An ironic chapter in de-Stalinization was that the Great Leader’s tolerance of the Orthodox Church was renounced along with his more vicious policies. Khrushchev himself was the instigator of the anti-religious campaign that began in 1957, but reached its apogee in August 1961 with passage of new legislation on parish life. Rescinding a wartime agreement that made priests the legal administrators of their parishes, a hastily-convened Synods of Bishops transferred power to newly constituted parish councils. Accusations were made subsequently that local communist activists packed many village councils; the indisputable consequence was that over the next three to four years, over half of existing Orthodox parishes were disbanded by their councils, and approximately ten thousand churches were closed. The spiritual legacy of the church was attacked: four out of eight seminaries shut their doors, and many monasteries were closed and converted to secular institutions. This included the Kiev Crypt Monastery, birthplace of Orthodox spirituality.

An unattractive feature of the campaign was the thuggish physical harassment used at the local level. Churches were converted to schools, clubs and museums by night and under police guard; young worshippers were restrained from entering churches, and deprived of educational opportunities when they persisted. Priests were attacked physically or by reputation, as when the local press leveled accusations of drunkenness and debauchery.

Crude attacks were inspired above all by frustration. Faith still had a hold on many Soviet citizens, and in the case of the Baptists and other groups, state campaigns only strengthened their resolve. Communist authorities recognized the need to replace religion in young minds.

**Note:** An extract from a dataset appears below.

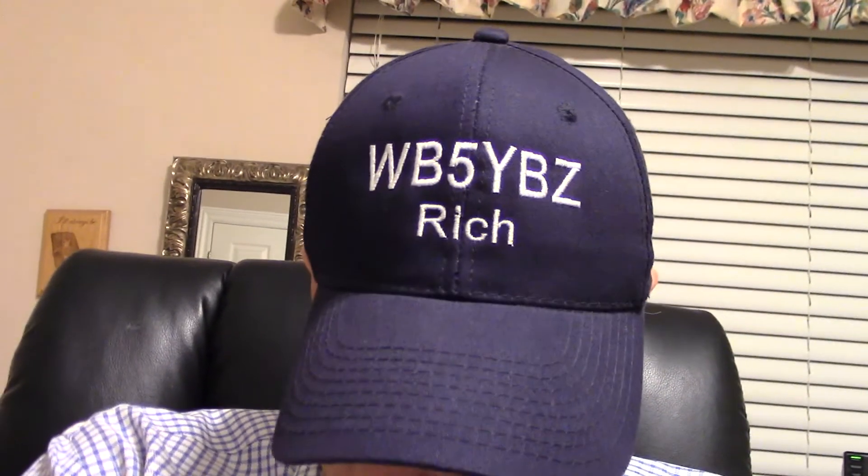Hi, my name is Rich WB5YBZ, and I've been having a lot of fun on CW. Can you believe I'm saying that? Ham Radio Deluxe has really brought CW fun again, and it's a great tool for contests where you just click in and out. Let me just show you how to set this thing up. I'm using an ICOM 7300, and right now I'm sending most of the stuff by the keyboard — it's just a lot of fun.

The Society for the Dissemination of Political and Scientific Knowledge was revitalized, and stepped up its program of aggressively atheistic popular lectures for the general public. In 1963 the organization was renamed Znanie, or Knowledge. A semi-popular journal with a similar agenda began publication in September 1959 under the title Science and Religion (Nauka i religiia). Its first issue turned readers’ attention to recent successes in space flight. There can be no god, it asserted, since the moon rocket had made no contact with the heavenly firmament on its way into space. Such arguments seemed to have little impact on readers, many of whom maintained their faith. In the early 1960s the state tried a tack that had been proposed by Lev Trotsky in the 1920s. It created new socialist life cycle rituals, building grand Wedding Palaces to accommodate them.